# What the task requires:
Reproduce exactly the span of lines that opens with the line containing "Alt view image" and closes with the last line of the entries below.

# Data for analysis:
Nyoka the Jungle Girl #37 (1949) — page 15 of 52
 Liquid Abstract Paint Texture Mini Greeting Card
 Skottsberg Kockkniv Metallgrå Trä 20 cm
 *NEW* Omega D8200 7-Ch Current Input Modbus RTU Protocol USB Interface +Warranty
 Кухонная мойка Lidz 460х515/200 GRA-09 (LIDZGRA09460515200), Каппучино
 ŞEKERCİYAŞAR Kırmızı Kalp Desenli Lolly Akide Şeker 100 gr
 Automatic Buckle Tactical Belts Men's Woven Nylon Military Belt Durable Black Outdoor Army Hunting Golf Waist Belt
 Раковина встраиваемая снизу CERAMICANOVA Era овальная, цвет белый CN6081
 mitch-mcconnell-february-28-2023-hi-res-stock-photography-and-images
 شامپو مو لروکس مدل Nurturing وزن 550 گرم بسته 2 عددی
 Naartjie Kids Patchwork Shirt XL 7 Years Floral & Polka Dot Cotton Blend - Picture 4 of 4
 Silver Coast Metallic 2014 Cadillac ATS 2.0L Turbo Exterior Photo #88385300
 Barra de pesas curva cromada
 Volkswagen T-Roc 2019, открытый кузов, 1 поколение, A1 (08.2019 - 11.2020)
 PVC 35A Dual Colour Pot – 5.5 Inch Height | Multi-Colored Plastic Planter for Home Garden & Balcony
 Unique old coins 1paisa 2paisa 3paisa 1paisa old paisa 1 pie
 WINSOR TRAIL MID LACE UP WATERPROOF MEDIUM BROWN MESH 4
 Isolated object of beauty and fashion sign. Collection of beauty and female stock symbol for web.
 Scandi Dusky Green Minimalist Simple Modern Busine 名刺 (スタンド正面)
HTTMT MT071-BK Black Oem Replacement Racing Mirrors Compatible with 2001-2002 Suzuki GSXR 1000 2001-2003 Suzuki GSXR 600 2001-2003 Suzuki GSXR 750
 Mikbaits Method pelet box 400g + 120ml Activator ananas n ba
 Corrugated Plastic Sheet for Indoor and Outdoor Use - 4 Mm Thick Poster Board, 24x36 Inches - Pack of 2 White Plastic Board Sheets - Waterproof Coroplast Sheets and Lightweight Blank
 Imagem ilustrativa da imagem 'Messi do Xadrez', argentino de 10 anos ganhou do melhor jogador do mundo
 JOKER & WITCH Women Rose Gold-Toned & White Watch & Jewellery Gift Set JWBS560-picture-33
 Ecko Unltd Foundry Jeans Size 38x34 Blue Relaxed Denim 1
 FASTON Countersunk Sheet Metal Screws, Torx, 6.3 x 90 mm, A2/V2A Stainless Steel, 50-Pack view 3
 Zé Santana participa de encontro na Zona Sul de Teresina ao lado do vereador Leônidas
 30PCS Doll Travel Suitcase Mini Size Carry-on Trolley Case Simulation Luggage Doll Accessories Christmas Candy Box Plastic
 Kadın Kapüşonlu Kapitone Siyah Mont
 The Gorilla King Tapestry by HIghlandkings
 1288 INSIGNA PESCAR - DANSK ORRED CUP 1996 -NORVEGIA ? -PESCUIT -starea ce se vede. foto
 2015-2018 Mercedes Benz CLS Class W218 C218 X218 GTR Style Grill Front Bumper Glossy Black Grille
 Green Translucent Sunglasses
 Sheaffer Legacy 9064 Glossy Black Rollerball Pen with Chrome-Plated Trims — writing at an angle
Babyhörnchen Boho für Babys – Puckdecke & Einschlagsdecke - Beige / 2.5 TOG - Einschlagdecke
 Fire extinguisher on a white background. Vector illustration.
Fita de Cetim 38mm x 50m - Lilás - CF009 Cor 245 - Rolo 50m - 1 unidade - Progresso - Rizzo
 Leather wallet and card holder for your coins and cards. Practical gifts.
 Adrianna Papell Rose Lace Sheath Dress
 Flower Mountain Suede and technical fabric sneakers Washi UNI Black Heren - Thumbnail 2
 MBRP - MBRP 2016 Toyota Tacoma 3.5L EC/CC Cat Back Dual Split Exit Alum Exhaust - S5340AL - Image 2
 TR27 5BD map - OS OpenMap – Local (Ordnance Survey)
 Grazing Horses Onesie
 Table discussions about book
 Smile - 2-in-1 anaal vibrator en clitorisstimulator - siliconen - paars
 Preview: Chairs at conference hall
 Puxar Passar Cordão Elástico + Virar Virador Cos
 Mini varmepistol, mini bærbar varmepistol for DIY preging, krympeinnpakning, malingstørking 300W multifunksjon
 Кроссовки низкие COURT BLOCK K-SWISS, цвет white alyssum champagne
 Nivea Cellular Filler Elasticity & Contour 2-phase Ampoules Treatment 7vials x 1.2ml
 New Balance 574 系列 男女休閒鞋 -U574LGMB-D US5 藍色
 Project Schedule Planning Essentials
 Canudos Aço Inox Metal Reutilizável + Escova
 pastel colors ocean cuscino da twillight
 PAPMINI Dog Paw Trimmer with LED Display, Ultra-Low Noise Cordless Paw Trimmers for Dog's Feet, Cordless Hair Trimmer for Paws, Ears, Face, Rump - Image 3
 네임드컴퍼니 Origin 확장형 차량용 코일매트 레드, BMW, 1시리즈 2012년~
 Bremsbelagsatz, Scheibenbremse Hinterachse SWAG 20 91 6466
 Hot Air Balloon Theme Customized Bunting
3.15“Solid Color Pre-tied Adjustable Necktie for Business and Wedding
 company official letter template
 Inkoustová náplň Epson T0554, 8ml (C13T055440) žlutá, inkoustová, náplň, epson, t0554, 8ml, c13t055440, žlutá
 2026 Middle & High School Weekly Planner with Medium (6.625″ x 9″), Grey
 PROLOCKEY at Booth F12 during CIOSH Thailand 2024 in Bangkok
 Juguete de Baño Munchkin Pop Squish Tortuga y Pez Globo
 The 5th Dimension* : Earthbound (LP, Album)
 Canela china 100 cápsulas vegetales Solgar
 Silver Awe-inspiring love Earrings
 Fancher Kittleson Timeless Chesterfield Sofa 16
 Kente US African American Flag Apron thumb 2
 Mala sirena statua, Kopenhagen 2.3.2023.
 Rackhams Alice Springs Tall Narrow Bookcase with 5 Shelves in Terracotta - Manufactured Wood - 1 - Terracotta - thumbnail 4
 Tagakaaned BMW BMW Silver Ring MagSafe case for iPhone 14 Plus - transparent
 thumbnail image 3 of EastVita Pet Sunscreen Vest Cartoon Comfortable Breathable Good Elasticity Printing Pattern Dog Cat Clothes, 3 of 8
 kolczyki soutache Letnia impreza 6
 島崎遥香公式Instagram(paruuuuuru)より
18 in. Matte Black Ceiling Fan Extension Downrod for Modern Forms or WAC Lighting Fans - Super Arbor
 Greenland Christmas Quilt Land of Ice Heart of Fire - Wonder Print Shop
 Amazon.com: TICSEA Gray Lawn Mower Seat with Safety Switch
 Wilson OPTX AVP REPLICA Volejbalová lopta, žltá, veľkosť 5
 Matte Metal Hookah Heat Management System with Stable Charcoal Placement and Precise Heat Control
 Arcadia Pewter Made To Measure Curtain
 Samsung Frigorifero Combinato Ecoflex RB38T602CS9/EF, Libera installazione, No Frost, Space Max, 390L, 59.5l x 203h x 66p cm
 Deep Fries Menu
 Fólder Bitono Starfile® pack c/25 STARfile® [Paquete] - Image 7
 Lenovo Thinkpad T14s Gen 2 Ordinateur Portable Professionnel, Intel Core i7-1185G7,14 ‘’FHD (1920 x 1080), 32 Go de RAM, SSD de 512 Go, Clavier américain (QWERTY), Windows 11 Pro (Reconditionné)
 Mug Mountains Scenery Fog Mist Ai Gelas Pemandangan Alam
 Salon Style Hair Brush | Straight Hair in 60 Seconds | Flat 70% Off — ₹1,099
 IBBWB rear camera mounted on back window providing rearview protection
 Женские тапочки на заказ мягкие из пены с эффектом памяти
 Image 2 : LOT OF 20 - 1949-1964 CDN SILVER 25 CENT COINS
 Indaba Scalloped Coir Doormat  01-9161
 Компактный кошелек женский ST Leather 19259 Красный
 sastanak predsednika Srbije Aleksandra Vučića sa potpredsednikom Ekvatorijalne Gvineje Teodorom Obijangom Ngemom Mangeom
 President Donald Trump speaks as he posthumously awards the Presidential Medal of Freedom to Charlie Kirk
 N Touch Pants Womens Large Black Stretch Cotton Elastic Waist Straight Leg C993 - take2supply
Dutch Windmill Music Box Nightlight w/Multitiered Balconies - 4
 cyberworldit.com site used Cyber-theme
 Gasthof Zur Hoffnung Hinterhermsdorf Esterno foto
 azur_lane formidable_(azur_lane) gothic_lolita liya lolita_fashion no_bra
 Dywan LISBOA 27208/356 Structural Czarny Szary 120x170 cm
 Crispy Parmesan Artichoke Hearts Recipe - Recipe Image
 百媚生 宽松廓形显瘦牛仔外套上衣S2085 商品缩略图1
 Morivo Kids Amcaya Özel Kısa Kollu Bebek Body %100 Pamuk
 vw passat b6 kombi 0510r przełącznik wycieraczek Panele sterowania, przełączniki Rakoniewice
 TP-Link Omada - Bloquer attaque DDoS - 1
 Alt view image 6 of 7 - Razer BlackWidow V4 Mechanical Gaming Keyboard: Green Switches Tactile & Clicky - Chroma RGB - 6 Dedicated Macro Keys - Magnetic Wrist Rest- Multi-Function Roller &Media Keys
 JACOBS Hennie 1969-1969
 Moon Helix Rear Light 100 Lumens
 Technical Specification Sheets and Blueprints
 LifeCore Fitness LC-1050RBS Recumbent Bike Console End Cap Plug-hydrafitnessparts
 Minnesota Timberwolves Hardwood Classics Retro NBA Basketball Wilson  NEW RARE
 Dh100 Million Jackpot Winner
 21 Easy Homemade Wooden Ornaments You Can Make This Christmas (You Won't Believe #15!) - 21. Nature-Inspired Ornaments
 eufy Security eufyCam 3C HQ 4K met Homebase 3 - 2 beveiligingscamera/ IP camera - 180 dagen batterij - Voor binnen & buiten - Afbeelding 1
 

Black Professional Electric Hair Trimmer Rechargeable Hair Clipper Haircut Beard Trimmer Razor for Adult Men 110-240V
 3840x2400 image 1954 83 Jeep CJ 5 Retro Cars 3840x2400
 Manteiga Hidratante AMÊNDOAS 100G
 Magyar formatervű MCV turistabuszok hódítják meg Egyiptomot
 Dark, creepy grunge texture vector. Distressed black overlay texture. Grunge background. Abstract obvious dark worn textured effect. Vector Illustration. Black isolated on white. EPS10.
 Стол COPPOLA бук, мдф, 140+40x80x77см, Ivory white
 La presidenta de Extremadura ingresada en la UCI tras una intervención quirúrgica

# Result below:
 Alt view image 6 of 7 - Razer BlackWidow V4 Mechanical Gaming Keyboard: Green Switches Tactile & Clicky - Chroma RGB - 6 Dedicated Macro Keys - Magnetic Wrist Rest- Multi-Function Roller &Media Keys
 JACOBS Hennie 1969-1969
 Moon Helix Rear Light 100 Lumens
 Technical Specification Sheets and Blueprints
 LifeCore Fitness LC-1050RBS Recumbent Bike Console End Cap Plug-hydrafitnessparts
 Minnesota Timberwolves Hardwood Classics Retro NBA Basketball Wilson  NEW RARE
 Dh100 Million Jackpot Winner
 21 Easy Homemade Wooden Ornaments You Can Make This Christmas (You Won't Believe #15!) - 21. Nature-Inspired Ornaments
 eufy Security eufyCam 3C HQ 4K met Homebase 3 - 2 beveiligingscamera/ IP camera - 180 dagen batterij - Voor binnen & buiten - Afbeelding 1
 

Black Professional Electric Hair Trimmer Rechargeable Hair Clipper Haircut Beard Trimmer Razor for Adult Men 110-240V
 3840x2400 image 1954 83 Jeep CJ 5 Retro Cars 3840x2400
 Manteiga Hidratante AMÊNDOAS 100G
 Magyar formatervű MCV turistabuszok hódítják meg Egyiptomot
 Dark, creepy grunge texture vector. Distressed black overlay texture. Grunge background. Abstract obvious dark worn textured effect. Vector Illustration. Black isolated on white. EPS10.
 Стол COPPOLA бук, мдф, 140+40x80x77см, Ivory white
 La presidenta de Extremadura ingresada en la UCI tras una intervención quirúrgica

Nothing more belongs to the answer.